Airline freight and passenger numbers hit by Trump’s trade war

September 06, 2019
Boeing freight

The US-China trade war continues to drag down global airline activity with air cargo experiencing its ninth consecutive month of year-on-year falls and passenger figures showing a soft start to the northern hemisphere summer.

International Air Transport Association figures show global air freight markets contracted by 3.2 percent in July compared to the same period in 2019.

The Asia-Pacific, which accounts for more than third of air cargo, was particularly hard hit with volumes down 4.9 percent.

IATA attributed the fall to weak global trade — volumes are down 1.4 percent compared to a year ago —  and the intensifying dispute between the US and China, where year-to-date trade volumes have fallen 14 percent compared to the same period in 2018.

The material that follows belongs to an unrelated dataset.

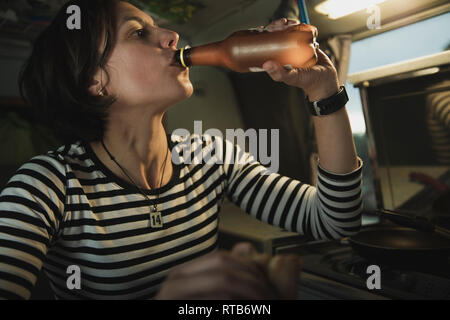 Junge brünette Dame Trinkwasser aus der Flasche in der Nähe von Herd in Mobile home Stockfoto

Nor is there any sign the situation will improve: the global Purchasing Managers Index (PMI) pointed to falling manufacturing orders since September 2018 and all major trading nations are reporting falling orders for the first time since February 2009.

“Trade tensions are weighing heavily on the entire air cargo industry,’’ IATA director general Alexandre de Juniac said.

“Higher tariffs are disrupting not only transpacific supply chains but also worldwide trade lanes.

“While current tensions might yield short-term political gains, they could lead to long-term negative changes for consumers and the global economy. Trade generates prosperity.

“It is critical that the US and China work quickly to resolve their differences.”

Slowing global airline passenger demand growth in July saw what IATA described as a soft start to the northern summer peak, although all regions still saw traffic increases.

Total global traffic in July rose 3.6 percent compared to the same month in 2018, down from 5.1 percent annual growth in June.

Monthly capacity increased by 3.2 percent and the global load factor rose 0.3 percentage point to a new monthly record of 85.7 percent.

“July’s performance marked a soft start to the peak passenger demand season,’’ de Juniac said.

“Tariffs, trade wars, and uncertainty over Brexit are contributing to a weaker demand environment than we saw in 2018. At the same time, the trend of moderate capacity increases is helping to achieve record load factors.’’

IATA noted that July international passenger demand rose 2.7 percent compared to July 2018, which was a deceleration compared to the 5.3 percent growth recorded in June.

Asia-Pacific airlines saw their weakest monthly international growth since 2013 – 2.7 percent – while North American airlines saw traffic climb 1.5 percent compared to the previous July, down from growth of 3.5 percent in June.

The airline trade association said this reflected the slowdown in US and Canadian economies and the trade dispute.

There was better news for domestic travel demand with global traffic growth in markets tracked by IATA rising 5.2 percent.

This was up from 4.7 percent growth in June and the domestic load factor also inched up to 86.5 percent.